The stronger case made by Beazley’s advocates was that he was only 17 when he pulled the trigger. We shouldn’t execute young people, should we? But death-penalty opponents aren’t willing to execute old people, either. Six months ago, they cried foul when a Texas prosecutor charged 74-year-old Melvin Hale with capital murder for shooting to death a 28-year-old state trooper during a traffic stop. Hale’s lawyer pleaded that his client was “frail,” and anti-death-penalty activists questioned whether a capital sentence for an old man “serves the interest of even law enforcement and society.”

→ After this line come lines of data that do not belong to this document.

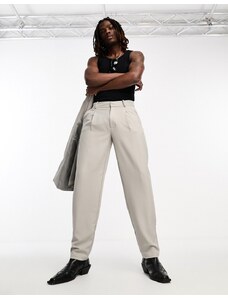 ADPT loose fit high waisted suit trousers grey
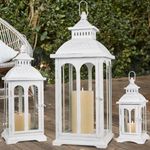 NEEDOMO Lanterns Decorative Outdoor & Indoor, Set of 3 Outdoor Lanterns for Porch, Vintage Candle Lantern Decor for Living Room, Fireplace, Kitchen Dining Table, Patio, Garden, Wedding, White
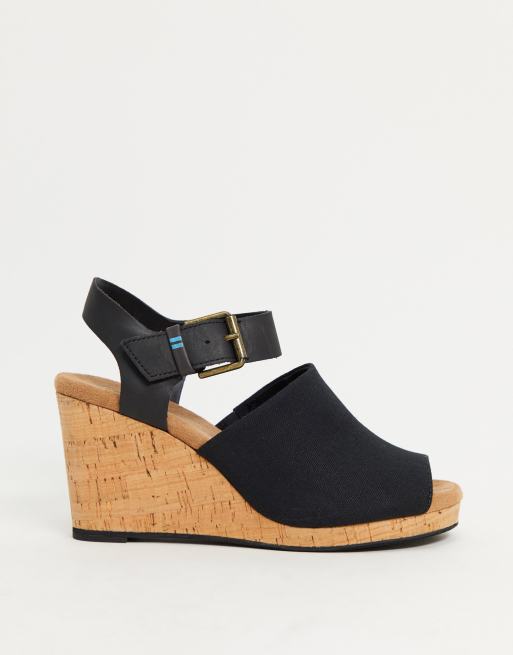 emmer in de rij gaan staan Compliment Toms - Tropez - Sandalen met sleehakken in zwart | ASOS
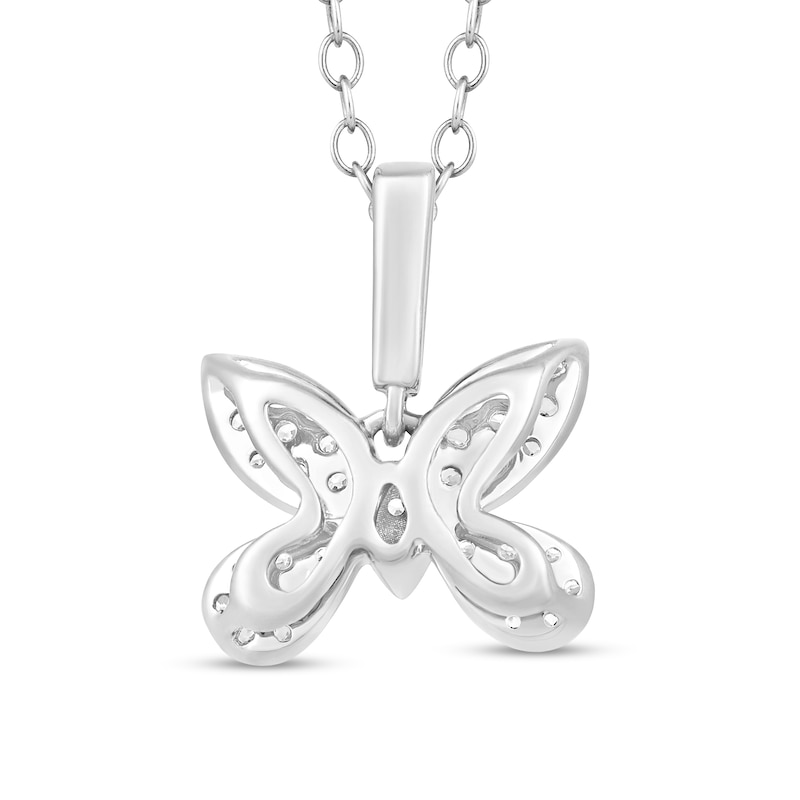 Main Image 2 of 1/4 CT. T.W. Diamond Butterfly Drop Pendant in 10K White Gold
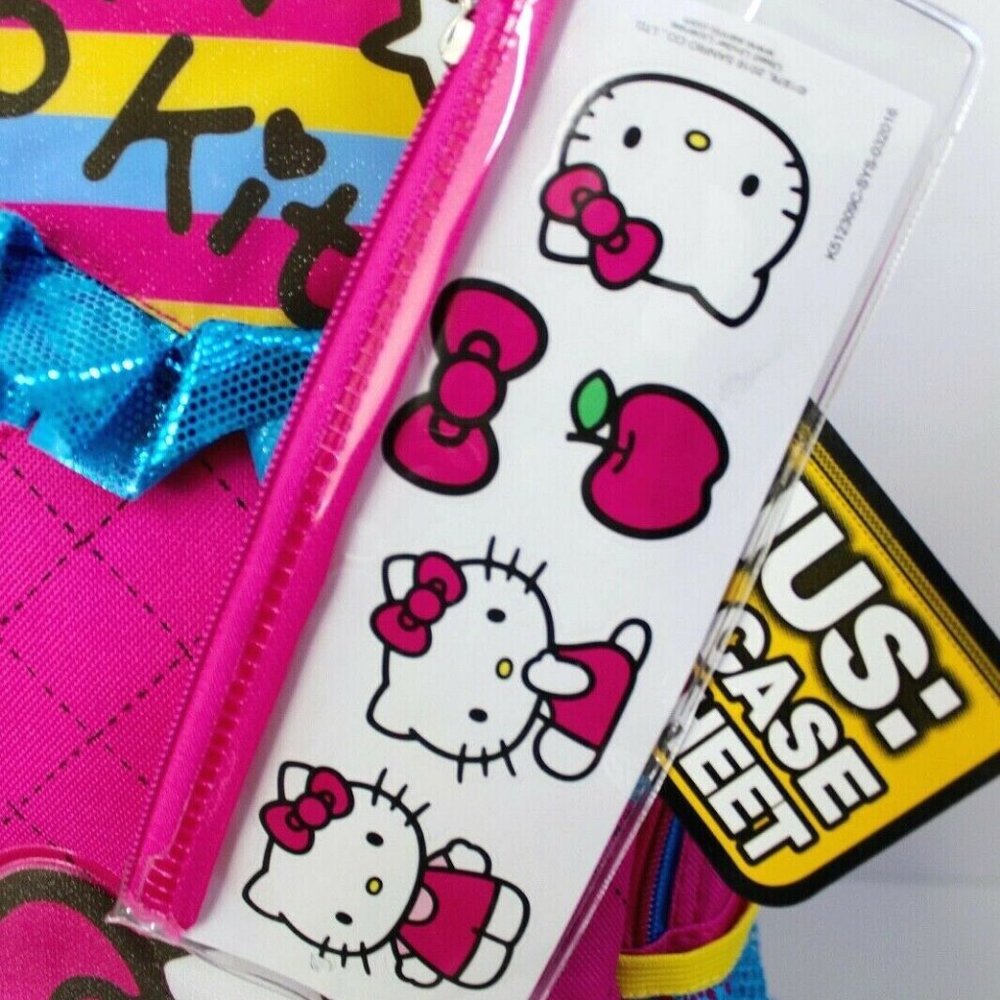 Hello Kitty Pattern Pencil Case Stickers Backpack - Picture 5 of 6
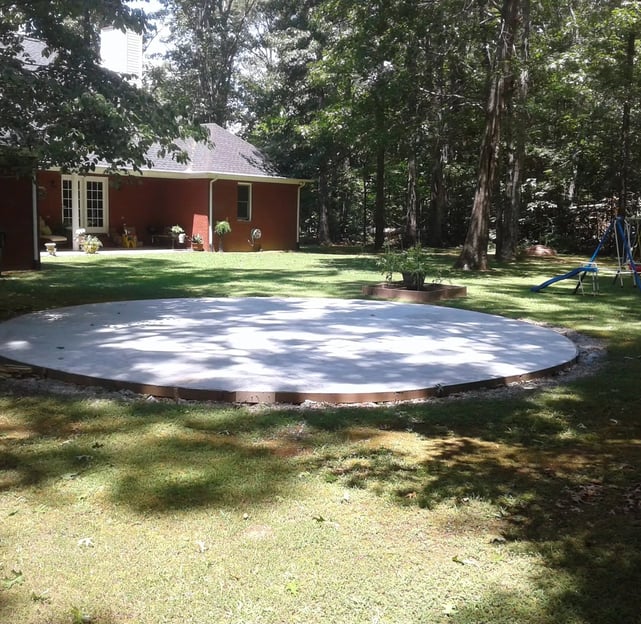 custom concrete slab design for backyard in huntsville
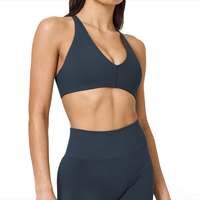 Produsen CustomSet Bantalan Dapat Dilepas Logo Depan Yoga Fitness Gym Lari Crop Top Dukungan Tinggi Bernapas Renda Olahraga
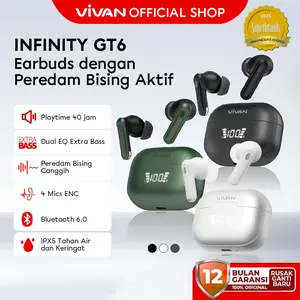 VIVAN TWS Earphone Adaptive ANC ENC Infinity GT6 Dual EQ Bass Gaming Mode BT 6.0 Low Latency Garansi 12 Bulan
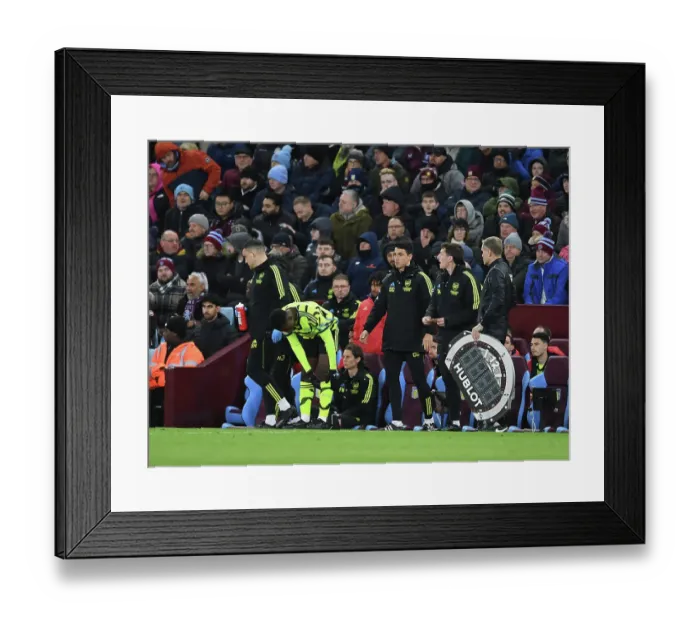 Framed Print : Arsenal's Eddie Nketiah Readies Substitution Entry Against Aston Villa in 2023-24 Premier League Clash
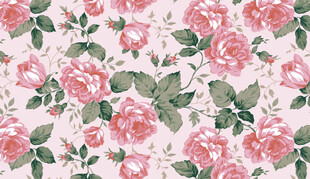 粉色花卉无缝图案背景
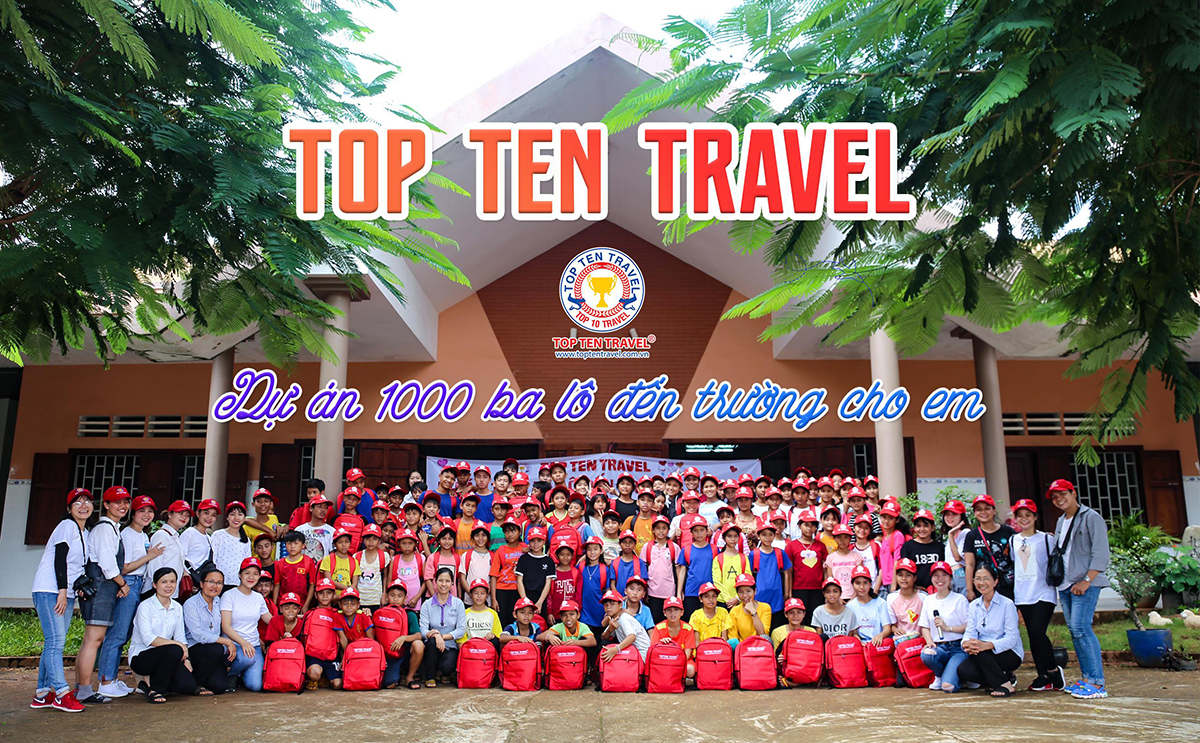 Top Ten Travel tặng hơn 45 triệu đồng cho trẻ em nghèo trong Dự án '1000 ba lô đến trường'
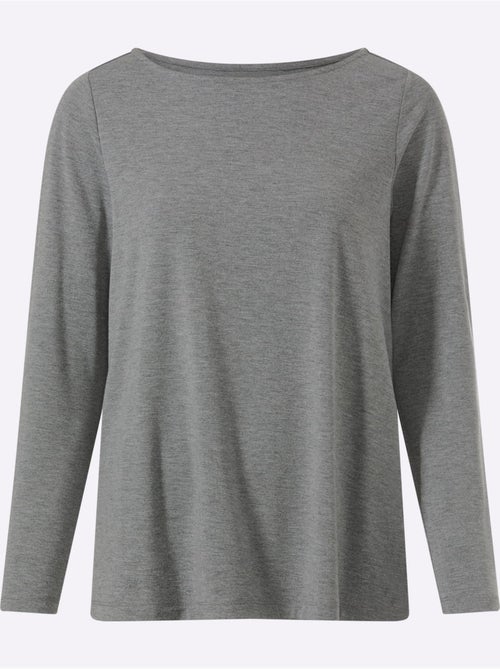 T-shirt à encolure ronde pli creux tendance au dos - taille standard - helline - Kiabi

This tactic of arguing every question both ways goes on and on. The American system is held to be cruel because it tells inmates when they’ll die, leaving them to agonize for months over a certain fate. The Japanese system is held to be cruel because it doesn’t tell inmates when they’ll die, leaving them to agonize for years over an uncertain fate. When appellate courts certify errors in capital murder cases, activists say the trial courts are flawed. When appellate courts don’t certify  errors in capital murder cases, activists say the appellate courts are flawed. Two months ago, when Maryland Gov. Parris Glendening declared a moratorium on executions, effectively overruling every jury that had authorized a death sentence in that state, the Washington Post praised him and argued that he should have ended the practice permanently. But this week, the Post chided Ashcroft on its front page for “aggressively pursuing the federal death penalty and frequently overruling his own prosecutors in the process.”

The strongest argument against capital punishment is that some of the people sentenced to death were wrongly convicted, as demonstrated by DNA evidence. That’s the argument on which a federal judge relied yesterday in an opinion declaring the current federal death penalty statute unconstitutional. Yet the judge applied this ruling only to a case before him that hadn’t yet come to trial. He wasn’t using evidence of wrongful convictions to bar the killing of defendants who had been wrongly convicted. He was using it to bar the killing of two defendants whose guilt or innocence hadn’t been tested in court. For all we know, they were caught murdering a man on videotape. The same could be true in any murder case in any state that bans capital punishment on the grounds of its fallibility. Even the simplest and seemingly most precise argument for narrowing the death penalty—that innocent people shouldn’t be killed—has become a tool for exempting everyone.

Ballot Box is one of those mushy-middle Americans who favor capital punishment in principle but are deeply uneasy about it. We’re open to persuasion by those who seek its abolition. But we’d regard them with less suspicion if they’d just come out and say that’s what they’re after, instead of cloaking their agenda in a patchwork of pretexts that add up to the same thing.